In just a few weeks, we’ll be setting our clocks back and experiencing shorter days and longer nights. While there is certainly plenty to look forward to in these fall and winter seasons—like comfy sweaters, warm fireplaces and pumpkin pie—we also need to be aware of the dangers that daylight saving time poses to older adults living with memory loss. While you may not have heard of sundown syndrome before, it’s a condition that affects many seniors. Here’s what you need to know about sundown syndrome and what you can do to help your loved one during these colder, darker months.
What is sundown syndrome?
Sundown syndrome, or sundowning, is a state of confusion, disorientation or even aggression exhibited by seniors living with memory loss. It typically occurs in fall and winter, when days get shorter and daylight is scarce. People with memory loss often follow a set routine—they might wake up, eat meals, do activities and go to bed at the same time every day—but when the days begin to change, their internal clock gets disrupted. For example, a senior may be used to eating dinner when the sun is still up, but if it’s suddenly dark outside during dinnertime, they may feel disoriented about where they are, what time it is, or even what is real versus what they’re imagining.
Although sundowning symptoms may be less intense when it is light outside, they can happen at any time of day. Other common symptoms of this condition include pacing and wandering, having trouble sleeping and paranoia. While you can’t cure sundown syndrome, there are a few things you can do to ease your loved one’s agitation.
What you can do to help
1. Talk to a doctor.
Sundowning sometimes looks similar to other medical issues, like having an adverse reaction to a new medication. Sundowning can also be made worse by underlying health problems such as a urinary tract infection. Talk to a doctor to ensure you know what you’re dealing with and confirm there aren’t any underlying causes aside from memory loss.
2. Stick to a routine.
You may think that adjusting your loved one’s routine to incorporate more daylight will ease their symptoms—for example, you might make dinnertime earlier while the sun is still up. However, changing routines will likely agitate even more. Instead, set a routine and try to maintain as much consistency as possible.
3. Let there be light.
Dim lighting indoors can further your loved one’s confusion about what time it is. Make sure their living space is brightly lit during the day, and when it’s time for bed, place a night light in their bedroom to ease any anxiety if they wake up in the middle of the night.

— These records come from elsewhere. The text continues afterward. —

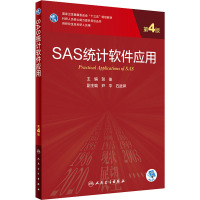 SAS统计软件应用 第4版 贺佳 编 大中专 文轩网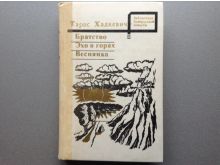 миниатюра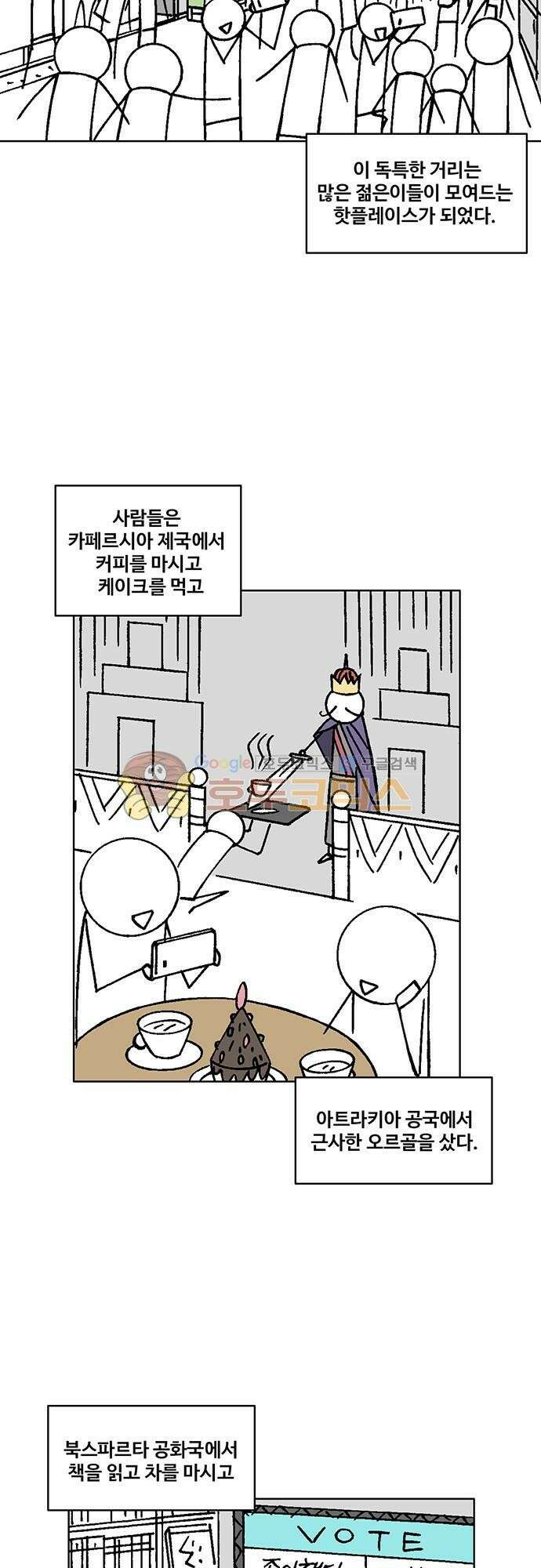 국가의 탄생 2 28화 유마네길의 전쟁 (1) 4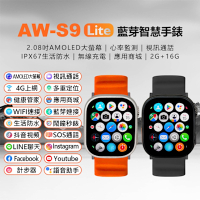 IS愛思 AW-S9 Lite Android行動智慧手錶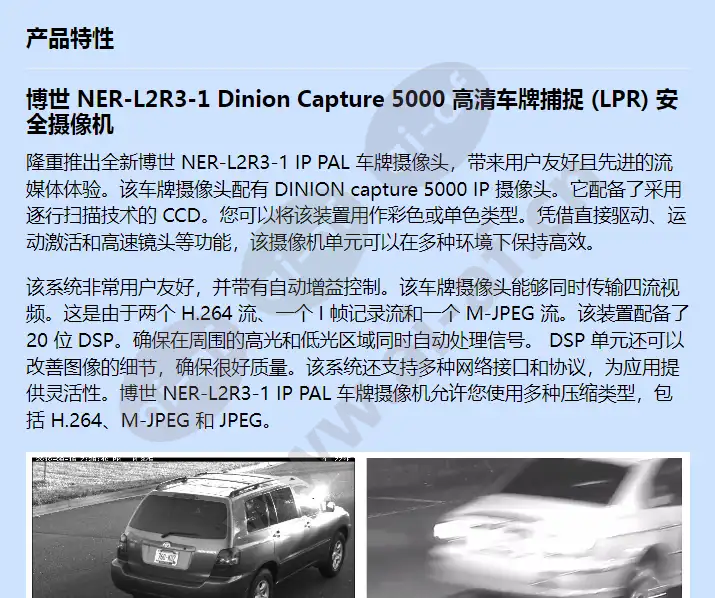 ner-l2r3-1_f_cn-00.webp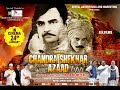 Shaheed Chandrashekhar Azaad Movie Official Trailer Hemendra Solanki Rishabh Raj Anil Dhawan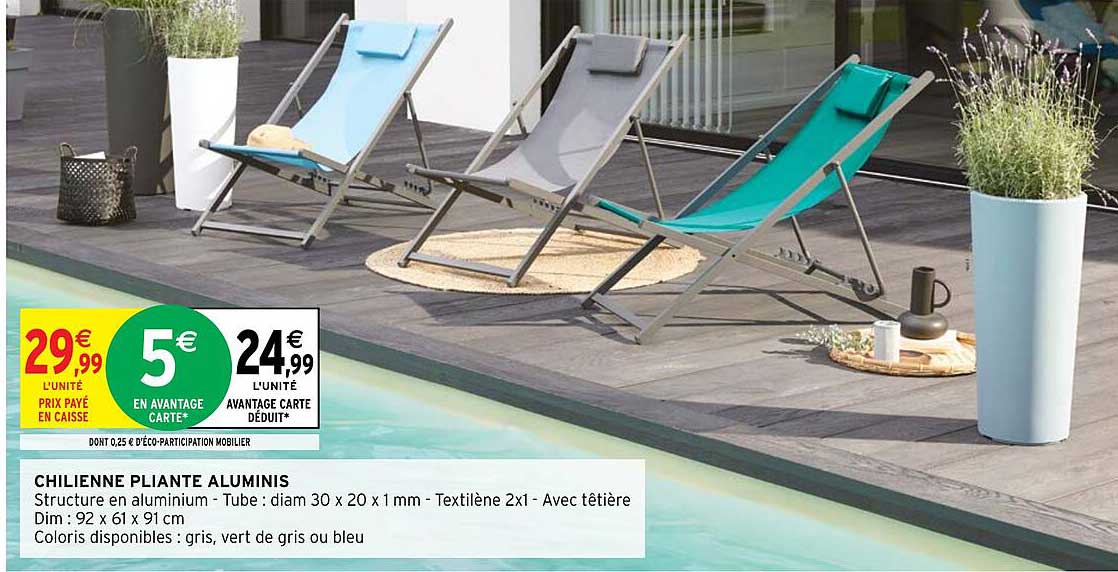 chilienne pliante aluminis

4. Help them get good sleep.
Ample rest can help reduce sundowning behaviors. Limit their sugar intake, don’t serve caffeine late in the day and turn off the TV and other screens well before bedtime. You might even play soothing music and upgrade their bedding. Think about what you do to help yourself get better sleep—and do the same for them.
5. Make sure they’re safe.
A common behavior of those with sundown syndrome is pacing and wandering. Help your loved one get the care they need as well as a reliable security system in case they attempt to leave their home alone at night. You might even consider using new caregiving technology to track where they are at night.
If you’re concerned about the safety of a senior with memory loss, consider our memory care apartments at Jackson Creek Senior Living. We focus on wellness, not illness, and our all-inclusive memory care apartments are fitted with wander alert security to help ensure the safety of your loved one. Visit us online or schedule a tour to learn more.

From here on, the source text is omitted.